別に続きモノって事ではなく、ホラーであったり日常的であったりと、
関連性はないけど舞台がいつもそこってやつ。
大抵は昔住んでた家だとか、友人や親戚の家だったりとか。
でも全く覚えがない場所だが、よく夢に見るということがある。
学校でそんな話をしていて、友人が教えてくれた話。




99 :本当にあった怖い名無し:2009/10/17(土) 11:25:09 ID:T+d0OgtN0
彼は昔からよく夢に見る場所があった。
ちょっとばかり洋風の普通にある住宅で、2階建てだという。
いつから見るようになったのかは覚えていないが、
中学に入ったときにはすでに、『ああ、またか』と思えるくらいだった。

彼にはとても仲のよい友人Kがいた。
家が近所で母親同士も仲がよかったため、お互いの家を行き来して、毎日のように遊んでいた。
好きな漫画もゲームで使うキャラも一緒。
成績も同じくらいで、身長体重も変わらない。

中学1年の時に、いつも通り遊んでいると夢の話になった。
「いっつも同じ家の夢をみるんだよ」
食いついてきたKも、同じような体験をすることがあるらしい。
メモ用紙に家の間取りを書いて説明すると、Kも同じだと言った。
いろいろ話している内に、全く同じ家のように感じた。
奇妙な偶然に好奇心が刺激され、お互いの夢の話をすることが多くなった。
家は割と広くて、4、5人の家族が住めそうな所。
だけど二人とも、1階の角部屋だけは入ったことがない。
中学という微妙な年齢のこともあって、どちらが先にあの部屋に入るか競争しようということになった。

その頃から悪夢が続くようになった。
家の中を包丁をもった殺人鬼に追い回されたり、姿の見えない幽霊に追いかけられたり。
例の部屋に近づくことは出来なかった。
最初は「俺たち前世で兄弟だったんじゃね?」と盛り上がっていたが、次第に夢の話はしなくなった。

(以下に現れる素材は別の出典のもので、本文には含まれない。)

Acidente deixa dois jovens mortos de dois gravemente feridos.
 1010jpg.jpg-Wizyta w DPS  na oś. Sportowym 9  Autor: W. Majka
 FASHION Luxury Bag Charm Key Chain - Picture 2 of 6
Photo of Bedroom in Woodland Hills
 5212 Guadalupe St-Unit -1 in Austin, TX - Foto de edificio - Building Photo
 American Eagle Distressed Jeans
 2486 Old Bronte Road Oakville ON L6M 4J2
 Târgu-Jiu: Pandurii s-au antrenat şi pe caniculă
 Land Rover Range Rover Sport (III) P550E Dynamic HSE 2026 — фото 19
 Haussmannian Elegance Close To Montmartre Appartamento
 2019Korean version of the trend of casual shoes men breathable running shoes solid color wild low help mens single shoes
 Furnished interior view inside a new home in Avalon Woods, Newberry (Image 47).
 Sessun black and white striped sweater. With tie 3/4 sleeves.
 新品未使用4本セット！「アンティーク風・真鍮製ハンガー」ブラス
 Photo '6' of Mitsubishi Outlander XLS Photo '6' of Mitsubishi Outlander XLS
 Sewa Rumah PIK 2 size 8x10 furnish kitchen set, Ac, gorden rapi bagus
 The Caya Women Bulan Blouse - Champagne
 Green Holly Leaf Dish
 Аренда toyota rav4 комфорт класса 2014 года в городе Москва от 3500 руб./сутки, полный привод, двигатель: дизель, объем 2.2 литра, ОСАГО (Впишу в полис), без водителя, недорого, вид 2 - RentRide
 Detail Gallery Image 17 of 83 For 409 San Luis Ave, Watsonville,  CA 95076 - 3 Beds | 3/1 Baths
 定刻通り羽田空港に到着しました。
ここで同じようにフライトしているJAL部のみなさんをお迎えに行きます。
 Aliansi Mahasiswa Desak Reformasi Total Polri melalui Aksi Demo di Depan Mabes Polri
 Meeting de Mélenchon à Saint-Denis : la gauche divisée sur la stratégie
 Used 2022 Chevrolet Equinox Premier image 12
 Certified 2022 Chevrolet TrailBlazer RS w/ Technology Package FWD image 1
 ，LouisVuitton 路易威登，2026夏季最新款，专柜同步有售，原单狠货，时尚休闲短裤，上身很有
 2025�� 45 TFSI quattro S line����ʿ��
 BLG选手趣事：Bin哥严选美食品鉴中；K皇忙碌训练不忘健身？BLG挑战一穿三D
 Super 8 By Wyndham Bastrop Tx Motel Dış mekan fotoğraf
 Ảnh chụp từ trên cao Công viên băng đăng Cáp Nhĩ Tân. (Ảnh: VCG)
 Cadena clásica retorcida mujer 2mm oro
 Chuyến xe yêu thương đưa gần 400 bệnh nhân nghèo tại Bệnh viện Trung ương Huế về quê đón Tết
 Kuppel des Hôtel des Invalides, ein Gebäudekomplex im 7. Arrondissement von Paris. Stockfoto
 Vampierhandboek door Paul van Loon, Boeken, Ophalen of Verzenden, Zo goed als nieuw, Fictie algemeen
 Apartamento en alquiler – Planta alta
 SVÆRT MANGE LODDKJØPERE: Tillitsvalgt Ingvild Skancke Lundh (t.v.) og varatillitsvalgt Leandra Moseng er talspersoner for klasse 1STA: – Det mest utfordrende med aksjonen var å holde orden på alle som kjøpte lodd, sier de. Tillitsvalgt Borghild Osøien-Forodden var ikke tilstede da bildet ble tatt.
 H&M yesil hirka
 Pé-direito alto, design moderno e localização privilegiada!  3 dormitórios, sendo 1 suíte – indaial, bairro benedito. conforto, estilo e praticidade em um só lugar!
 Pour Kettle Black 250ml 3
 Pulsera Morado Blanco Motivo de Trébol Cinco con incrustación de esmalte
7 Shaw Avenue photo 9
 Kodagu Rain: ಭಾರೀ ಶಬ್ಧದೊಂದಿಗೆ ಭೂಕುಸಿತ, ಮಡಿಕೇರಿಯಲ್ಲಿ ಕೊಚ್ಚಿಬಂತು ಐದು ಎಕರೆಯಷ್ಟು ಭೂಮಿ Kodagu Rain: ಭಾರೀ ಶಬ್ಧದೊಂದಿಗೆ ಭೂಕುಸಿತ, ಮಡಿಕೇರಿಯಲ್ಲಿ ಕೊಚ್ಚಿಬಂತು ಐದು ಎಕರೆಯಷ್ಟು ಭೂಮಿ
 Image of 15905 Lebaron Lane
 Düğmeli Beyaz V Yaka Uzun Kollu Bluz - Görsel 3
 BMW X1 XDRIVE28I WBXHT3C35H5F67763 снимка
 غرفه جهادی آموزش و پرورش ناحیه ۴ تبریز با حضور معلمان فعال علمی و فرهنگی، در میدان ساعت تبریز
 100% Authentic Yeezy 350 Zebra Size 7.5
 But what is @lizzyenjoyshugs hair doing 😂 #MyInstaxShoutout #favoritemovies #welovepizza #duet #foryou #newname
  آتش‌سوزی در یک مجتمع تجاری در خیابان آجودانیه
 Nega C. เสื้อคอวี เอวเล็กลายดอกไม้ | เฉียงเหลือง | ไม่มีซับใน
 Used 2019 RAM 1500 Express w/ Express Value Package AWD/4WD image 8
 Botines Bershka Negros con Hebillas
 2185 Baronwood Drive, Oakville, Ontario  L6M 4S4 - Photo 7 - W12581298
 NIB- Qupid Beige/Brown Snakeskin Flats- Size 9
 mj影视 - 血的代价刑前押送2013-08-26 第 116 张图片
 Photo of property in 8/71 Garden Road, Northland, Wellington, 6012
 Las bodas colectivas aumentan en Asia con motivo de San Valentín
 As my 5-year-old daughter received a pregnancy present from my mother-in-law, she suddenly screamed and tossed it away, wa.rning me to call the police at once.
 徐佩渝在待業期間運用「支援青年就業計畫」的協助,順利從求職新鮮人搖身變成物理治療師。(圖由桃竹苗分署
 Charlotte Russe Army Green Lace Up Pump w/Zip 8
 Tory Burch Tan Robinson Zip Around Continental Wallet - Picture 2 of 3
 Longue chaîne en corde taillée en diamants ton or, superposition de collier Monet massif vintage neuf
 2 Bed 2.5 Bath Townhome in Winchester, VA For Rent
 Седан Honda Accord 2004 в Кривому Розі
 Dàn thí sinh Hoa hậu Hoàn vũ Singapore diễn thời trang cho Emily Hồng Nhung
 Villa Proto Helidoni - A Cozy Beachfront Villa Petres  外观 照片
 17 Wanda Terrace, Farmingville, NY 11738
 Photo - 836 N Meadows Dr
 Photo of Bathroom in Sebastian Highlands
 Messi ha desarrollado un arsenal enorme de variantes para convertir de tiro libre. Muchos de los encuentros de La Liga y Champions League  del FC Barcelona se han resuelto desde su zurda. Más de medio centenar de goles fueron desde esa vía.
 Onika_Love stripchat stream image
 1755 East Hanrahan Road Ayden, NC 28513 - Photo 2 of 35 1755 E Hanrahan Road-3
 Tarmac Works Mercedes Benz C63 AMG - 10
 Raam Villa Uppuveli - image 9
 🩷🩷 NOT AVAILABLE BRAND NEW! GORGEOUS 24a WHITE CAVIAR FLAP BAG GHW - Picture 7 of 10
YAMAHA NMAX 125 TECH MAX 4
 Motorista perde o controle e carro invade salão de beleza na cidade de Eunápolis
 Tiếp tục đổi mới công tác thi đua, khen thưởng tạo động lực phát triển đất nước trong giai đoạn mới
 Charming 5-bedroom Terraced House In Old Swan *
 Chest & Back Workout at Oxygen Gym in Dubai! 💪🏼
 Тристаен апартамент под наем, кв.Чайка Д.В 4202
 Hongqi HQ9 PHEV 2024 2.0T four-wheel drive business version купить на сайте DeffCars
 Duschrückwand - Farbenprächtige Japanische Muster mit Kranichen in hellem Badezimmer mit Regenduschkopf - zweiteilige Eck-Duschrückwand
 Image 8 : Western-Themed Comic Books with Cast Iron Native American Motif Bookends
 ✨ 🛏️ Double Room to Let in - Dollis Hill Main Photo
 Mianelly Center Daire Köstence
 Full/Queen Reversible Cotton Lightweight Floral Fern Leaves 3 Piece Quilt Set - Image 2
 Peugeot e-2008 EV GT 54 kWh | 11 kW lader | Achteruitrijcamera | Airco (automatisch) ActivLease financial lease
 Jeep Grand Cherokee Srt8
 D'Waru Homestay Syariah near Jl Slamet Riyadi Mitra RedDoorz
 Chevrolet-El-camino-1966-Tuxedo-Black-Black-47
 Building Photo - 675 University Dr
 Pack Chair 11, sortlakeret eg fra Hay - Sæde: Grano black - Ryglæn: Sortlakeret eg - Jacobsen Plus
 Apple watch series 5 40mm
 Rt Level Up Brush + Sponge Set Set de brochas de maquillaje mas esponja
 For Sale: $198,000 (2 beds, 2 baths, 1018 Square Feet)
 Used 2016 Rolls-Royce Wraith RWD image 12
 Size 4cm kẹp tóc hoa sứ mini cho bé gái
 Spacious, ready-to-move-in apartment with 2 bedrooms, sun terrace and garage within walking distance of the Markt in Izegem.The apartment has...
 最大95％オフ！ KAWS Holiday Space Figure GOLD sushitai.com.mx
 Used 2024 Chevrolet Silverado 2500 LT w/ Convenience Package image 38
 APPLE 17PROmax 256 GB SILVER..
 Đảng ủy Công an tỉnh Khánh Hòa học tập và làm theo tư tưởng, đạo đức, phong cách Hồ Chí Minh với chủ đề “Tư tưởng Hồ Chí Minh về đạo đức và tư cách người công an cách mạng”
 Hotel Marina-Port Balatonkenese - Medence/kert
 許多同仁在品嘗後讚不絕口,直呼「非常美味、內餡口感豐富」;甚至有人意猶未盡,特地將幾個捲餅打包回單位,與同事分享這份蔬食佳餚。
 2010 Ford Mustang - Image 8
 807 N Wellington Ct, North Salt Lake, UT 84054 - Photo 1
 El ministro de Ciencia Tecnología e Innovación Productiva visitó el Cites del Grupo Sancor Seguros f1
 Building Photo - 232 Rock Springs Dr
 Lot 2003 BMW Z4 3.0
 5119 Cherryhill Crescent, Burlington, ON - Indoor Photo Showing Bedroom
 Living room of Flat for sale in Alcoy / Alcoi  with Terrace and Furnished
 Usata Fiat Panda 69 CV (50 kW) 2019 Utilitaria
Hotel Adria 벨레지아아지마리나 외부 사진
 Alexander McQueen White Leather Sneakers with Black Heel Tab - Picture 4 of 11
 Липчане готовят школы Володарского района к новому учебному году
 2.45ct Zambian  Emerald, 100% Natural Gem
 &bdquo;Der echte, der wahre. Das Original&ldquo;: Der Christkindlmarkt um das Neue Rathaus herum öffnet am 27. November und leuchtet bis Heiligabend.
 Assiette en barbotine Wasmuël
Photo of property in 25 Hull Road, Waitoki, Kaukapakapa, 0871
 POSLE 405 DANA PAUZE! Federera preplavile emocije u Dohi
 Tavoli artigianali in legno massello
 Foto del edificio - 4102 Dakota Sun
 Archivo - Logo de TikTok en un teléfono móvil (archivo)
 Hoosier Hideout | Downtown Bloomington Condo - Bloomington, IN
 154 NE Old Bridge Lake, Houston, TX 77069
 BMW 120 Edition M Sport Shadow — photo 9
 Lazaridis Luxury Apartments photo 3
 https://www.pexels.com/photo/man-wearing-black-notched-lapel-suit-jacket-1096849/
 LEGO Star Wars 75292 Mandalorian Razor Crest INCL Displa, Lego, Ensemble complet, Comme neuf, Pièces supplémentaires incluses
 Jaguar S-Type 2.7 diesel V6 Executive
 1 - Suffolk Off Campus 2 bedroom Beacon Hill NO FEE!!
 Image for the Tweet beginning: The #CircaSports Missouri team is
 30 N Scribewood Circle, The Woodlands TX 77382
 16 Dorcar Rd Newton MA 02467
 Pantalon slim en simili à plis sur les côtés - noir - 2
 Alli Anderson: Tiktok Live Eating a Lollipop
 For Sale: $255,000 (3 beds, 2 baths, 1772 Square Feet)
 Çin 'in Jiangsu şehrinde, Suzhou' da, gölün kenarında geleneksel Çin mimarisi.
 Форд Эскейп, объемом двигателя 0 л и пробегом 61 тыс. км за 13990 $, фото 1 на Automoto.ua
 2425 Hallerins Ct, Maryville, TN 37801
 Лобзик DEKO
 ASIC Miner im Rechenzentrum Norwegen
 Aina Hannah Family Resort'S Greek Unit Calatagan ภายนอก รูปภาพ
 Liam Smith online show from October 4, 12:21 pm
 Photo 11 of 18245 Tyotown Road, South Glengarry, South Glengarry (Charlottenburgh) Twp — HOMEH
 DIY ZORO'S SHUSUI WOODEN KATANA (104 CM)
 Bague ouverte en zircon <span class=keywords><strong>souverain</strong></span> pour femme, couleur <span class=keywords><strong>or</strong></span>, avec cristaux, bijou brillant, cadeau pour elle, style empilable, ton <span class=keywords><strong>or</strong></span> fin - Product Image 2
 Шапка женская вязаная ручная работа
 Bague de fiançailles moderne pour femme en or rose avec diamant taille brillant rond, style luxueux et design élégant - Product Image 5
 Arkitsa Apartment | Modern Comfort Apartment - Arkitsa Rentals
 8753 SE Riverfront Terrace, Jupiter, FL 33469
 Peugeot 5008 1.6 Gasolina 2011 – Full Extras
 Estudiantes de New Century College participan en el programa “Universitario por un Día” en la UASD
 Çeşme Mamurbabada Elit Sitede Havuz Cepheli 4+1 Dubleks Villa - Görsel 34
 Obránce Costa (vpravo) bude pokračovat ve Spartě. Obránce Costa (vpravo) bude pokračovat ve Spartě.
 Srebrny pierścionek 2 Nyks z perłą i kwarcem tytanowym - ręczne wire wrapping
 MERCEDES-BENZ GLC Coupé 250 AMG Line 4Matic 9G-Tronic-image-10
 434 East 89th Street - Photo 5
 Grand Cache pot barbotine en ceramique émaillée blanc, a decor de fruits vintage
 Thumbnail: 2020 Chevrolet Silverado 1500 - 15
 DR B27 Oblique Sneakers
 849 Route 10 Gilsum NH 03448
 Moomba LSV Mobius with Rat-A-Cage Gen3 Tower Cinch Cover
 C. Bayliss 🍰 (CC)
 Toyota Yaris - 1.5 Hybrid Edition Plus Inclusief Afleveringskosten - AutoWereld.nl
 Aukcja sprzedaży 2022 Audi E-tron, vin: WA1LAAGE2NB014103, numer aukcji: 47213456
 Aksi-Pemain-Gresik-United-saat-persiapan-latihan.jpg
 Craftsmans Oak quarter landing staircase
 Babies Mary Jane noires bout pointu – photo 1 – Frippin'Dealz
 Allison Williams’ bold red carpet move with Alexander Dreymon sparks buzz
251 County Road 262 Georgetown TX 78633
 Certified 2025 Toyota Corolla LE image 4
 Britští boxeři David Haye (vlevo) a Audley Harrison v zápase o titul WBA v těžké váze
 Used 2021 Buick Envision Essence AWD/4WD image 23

100 :本当にあった怖い名無し:2009/10/17(土) 11:26:26 ID:T+d0OgtN0
彼曰く、「あまりに似すぎている自分たちが、正直気味が悪くなった」と。
「顔は似てるわけではないけど、本人達にしか分からないシンパシーのような物があるんだ」と。
それは彼も同じだったようで、高校は別の所を選んだ。
でも仲のよい親友であることには変わりなく、電話で話したりはしていた。
部活や進路を決めるような時には、お互い別々にしようと暗黙の了解があった。

大学に進む頃には、違う生活環境で次第に疎遠になっていた。
冬休みに実家に帰省すると、久しぶりにKから年賀状が届いていた。
年賀状にはペットの犬の写真。
『ああ、チョコまだ生きてるんだ』と懐かしかった。
印刷の『あけましておめでとう』の下に、小さく書かれたKの筆跡。
『あの部屋に呼ばれた。俺が先に行くぜ』
その言葉に血の気が引いた。
数日前に見た夢で、彼も部屋に呼ばれたのだ。
変わらず一定周期であの夢は見ていたが、そのときはなんだか雰囲気が違った。
誰もいない家の中を歩いていると、なんとなく『ああ、今ならそこに行けるな』という気分になったという。
ただ彼は行けなかった。行こうとしたときに携帯が鳴って起こされた。

学校が始まってしばらくしたときに、母から電話がきた。
Kが行方不明になったらしい。
一人暮らしをしていたアパートから忽然と姿が見えなくなったと、何か知らないかと、
Kの親が聞きにきたというのだ。
もちろん夢の話など出来るはずもなく、知らないと言うしかなかった。
それから半年以上が経ったが、まだKは見つからない。



101 :本当にあった怖い名無し:2009/10/17(土) 11:27:06 ID:T+d0OgtN0
疎遠にはなっていたが、とても寂しくて仕方がないと落ち込んでいた。
先を越されたと、悔しい気持ちもあるんだと。

たいして怖くもないかもしれないけど、正直俺はぞっとした。
俺もまた同じように毎度でてくる家がある。
「夢で見たことを他人に話してはいけない」と祖母が言っていた。
それまでなんとなく言いつけを守っていたけど、そういうことかと納得した。